Posted by BankInfo on Thu, Nov 07 2013 02:48 pm

The country’s commercial banks are awash with idle money due to poor investment and lower credit demand, with almost all kind of business expansion remained suspended amid political uncertainty ahead of the upcoming general election.

The excess liquidity increased by Tk240bn or 40% during January-September period of the current year and stood at Tk840bn from Tk600bn in January, according to the Bangladesh Bank data.

The amount of surplus liquidity increased rapidly while credit growth dropped continuously.

The credit growth of the banks was 13.39% in January with surplus liquidity of Tk600bn, followed by 10.29% growth in March with Tk660bn in excess liquidity. The growth was 8.97% in June when the liquidity was Tk790bn and 7.40% in September as the liquidity rose to Tk840bn.

The banks burdened with the huge idle money were looking for alternative investment window as reflected from their rising investment in the government securities.

The banks’ investment in government securities increased by 26% to Tk1tn during the 9 months period till September from Tk990bn in January, according to the central bank data.

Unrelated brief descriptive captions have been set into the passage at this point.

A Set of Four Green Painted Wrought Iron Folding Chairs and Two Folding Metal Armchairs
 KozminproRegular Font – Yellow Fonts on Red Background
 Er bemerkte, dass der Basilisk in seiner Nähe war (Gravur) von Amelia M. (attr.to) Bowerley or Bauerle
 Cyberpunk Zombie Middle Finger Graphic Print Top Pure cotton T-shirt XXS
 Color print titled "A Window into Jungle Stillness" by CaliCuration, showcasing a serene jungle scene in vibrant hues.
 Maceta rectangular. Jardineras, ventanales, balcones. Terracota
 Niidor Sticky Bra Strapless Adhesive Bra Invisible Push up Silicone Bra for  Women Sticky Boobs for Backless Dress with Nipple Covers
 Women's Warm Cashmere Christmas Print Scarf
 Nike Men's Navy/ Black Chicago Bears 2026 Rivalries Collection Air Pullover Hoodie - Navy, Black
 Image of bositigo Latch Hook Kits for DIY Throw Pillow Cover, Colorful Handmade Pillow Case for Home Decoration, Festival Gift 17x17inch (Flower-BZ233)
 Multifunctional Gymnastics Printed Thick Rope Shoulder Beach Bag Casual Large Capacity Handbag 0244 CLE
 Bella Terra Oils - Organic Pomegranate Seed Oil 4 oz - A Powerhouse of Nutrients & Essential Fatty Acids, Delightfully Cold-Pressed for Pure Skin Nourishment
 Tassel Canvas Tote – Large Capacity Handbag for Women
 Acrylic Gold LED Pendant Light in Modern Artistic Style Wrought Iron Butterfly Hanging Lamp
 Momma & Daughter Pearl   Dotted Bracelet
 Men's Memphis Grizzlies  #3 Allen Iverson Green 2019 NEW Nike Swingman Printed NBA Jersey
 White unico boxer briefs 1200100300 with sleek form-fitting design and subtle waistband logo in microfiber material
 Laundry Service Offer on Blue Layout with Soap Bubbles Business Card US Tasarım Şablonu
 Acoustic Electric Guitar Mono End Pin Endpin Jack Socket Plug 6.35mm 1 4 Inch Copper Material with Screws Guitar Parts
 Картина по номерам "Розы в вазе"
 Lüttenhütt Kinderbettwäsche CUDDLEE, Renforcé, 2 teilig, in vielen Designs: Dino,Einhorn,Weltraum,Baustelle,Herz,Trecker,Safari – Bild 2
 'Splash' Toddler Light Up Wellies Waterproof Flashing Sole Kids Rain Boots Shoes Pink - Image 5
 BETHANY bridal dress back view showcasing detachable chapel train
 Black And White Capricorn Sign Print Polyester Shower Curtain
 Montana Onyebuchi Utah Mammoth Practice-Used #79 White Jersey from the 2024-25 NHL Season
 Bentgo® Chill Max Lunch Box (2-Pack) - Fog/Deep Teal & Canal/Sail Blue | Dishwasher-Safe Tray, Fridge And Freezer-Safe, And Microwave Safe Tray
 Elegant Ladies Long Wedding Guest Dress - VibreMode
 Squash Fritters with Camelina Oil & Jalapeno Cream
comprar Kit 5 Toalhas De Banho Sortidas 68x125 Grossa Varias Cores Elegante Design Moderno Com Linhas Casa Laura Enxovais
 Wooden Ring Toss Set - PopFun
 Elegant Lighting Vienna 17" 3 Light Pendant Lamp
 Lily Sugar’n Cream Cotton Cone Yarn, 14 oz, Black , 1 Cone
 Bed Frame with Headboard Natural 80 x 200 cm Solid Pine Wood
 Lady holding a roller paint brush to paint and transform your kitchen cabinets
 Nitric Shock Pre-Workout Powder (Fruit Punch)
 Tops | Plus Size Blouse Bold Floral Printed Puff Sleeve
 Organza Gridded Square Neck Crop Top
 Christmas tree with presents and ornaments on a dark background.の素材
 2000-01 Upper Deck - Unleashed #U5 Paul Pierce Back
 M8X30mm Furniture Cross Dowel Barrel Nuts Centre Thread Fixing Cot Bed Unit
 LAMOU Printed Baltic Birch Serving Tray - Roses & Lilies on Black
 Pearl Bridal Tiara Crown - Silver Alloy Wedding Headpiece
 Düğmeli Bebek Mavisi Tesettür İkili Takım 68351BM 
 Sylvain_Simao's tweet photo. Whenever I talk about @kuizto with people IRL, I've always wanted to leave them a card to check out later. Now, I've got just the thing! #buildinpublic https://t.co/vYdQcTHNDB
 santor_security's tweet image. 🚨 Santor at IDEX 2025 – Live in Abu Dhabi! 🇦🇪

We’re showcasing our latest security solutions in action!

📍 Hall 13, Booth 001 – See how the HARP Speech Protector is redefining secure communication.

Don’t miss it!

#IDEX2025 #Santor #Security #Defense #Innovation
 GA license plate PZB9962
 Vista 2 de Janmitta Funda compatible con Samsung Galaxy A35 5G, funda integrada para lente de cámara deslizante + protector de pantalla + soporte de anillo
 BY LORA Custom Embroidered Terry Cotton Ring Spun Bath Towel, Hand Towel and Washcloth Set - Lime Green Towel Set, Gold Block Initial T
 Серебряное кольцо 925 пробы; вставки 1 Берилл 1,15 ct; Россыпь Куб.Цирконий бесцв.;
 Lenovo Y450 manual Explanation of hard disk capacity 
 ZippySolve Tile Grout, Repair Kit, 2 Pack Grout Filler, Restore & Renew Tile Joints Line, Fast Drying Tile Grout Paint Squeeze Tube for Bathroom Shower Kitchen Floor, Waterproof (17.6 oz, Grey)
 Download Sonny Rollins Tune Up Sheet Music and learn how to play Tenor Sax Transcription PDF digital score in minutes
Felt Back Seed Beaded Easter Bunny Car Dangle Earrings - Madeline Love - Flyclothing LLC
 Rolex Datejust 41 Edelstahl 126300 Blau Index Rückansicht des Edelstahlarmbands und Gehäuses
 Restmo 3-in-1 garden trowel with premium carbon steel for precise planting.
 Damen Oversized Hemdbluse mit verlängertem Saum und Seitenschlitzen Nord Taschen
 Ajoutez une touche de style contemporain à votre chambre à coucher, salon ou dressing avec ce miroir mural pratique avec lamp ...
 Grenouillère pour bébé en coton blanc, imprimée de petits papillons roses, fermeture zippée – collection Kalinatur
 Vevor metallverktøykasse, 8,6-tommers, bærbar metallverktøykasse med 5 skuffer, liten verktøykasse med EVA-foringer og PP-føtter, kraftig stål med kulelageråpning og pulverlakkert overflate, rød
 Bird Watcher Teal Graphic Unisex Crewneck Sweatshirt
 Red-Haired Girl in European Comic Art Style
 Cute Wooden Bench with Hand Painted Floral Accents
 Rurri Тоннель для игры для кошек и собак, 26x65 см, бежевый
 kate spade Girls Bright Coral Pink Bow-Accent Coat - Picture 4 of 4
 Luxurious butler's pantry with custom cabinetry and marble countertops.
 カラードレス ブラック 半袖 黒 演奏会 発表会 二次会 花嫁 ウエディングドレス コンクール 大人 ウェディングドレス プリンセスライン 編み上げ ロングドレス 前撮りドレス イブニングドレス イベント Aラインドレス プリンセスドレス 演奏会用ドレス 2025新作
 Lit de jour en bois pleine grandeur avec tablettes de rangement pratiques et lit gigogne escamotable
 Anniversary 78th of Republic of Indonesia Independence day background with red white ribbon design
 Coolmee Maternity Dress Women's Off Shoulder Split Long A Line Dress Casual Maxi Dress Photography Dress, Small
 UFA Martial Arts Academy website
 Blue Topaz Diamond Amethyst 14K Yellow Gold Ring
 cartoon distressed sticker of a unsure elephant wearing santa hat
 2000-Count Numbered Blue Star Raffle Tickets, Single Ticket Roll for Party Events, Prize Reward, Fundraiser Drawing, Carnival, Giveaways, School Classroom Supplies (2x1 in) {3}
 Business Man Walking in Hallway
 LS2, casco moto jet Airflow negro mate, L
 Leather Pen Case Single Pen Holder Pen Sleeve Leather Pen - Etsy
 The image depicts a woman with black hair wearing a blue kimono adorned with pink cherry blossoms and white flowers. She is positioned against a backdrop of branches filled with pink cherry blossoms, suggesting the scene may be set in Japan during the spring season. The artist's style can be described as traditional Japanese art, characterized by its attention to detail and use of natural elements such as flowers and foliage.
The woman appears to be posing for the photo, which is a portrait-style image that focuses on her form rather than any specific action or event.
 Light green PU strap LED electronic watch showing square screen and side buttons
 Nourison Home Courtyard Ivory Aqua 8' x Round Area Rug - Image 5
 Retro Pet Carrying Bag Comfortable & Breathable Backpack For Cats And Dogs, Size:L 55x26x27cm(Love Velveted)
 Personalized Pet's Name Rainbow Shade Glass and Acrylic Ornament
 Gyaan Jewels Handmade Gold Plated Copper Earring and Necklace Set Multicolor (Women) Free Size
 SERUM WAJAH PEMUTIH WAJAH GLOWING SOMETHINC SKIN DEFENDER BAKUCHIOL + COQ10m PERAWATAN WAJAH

“The investment opportunities for the banks shrunk due mainly for political unrest, lack of gas and electricity. Besides, they have also barrier to invest in share market according to the amended bank company act,’’ said a senior executive of a private bank.

However, the banks were taking away investment from the capital market instead of reinvesting there as they are bound to keep their exposure limit at 25% of paid up capital and reserves, which also pushed the liquidity to go high, he said.

“As a election year, banks remained shy to disburse big loans throughout the year and in last two months, there will have no possibility to release big loans,” said National Credit and Commerce Bank Managing Director Nurul Amin.

He said credit growth also decreased due to inflow of low cost foreign loans in the private sector as provided by Bangladesh Bank.

“Banks already cut their lending rates slightly to attract the borrowers and the rate will go down further within December,” said Amin, also the President of Association of Bankers Bangladesh (ABB).

The deposit rate dropped to 8.5% in September from 8.61% in July as banks reluctant to take more public funds.

“Banks’ interest income against credit declined due to sluggish disbursement while their interest expenditure against deposit went up, adversely hitting the profit. As a result, banks cut the interest rate on deposits and also moved to reduce lending rates to stimulate credit,” said a senior executive of a private bank.

The advance-deposit ratio (ADR) in the overall banking sector also declined to 71.65% in September against 85% a year back.

The ADR is likely to go down further in the coming months, if the current sluggish trend of credit to the private sector continues and the political situation takes a turn towards further confrontational course again.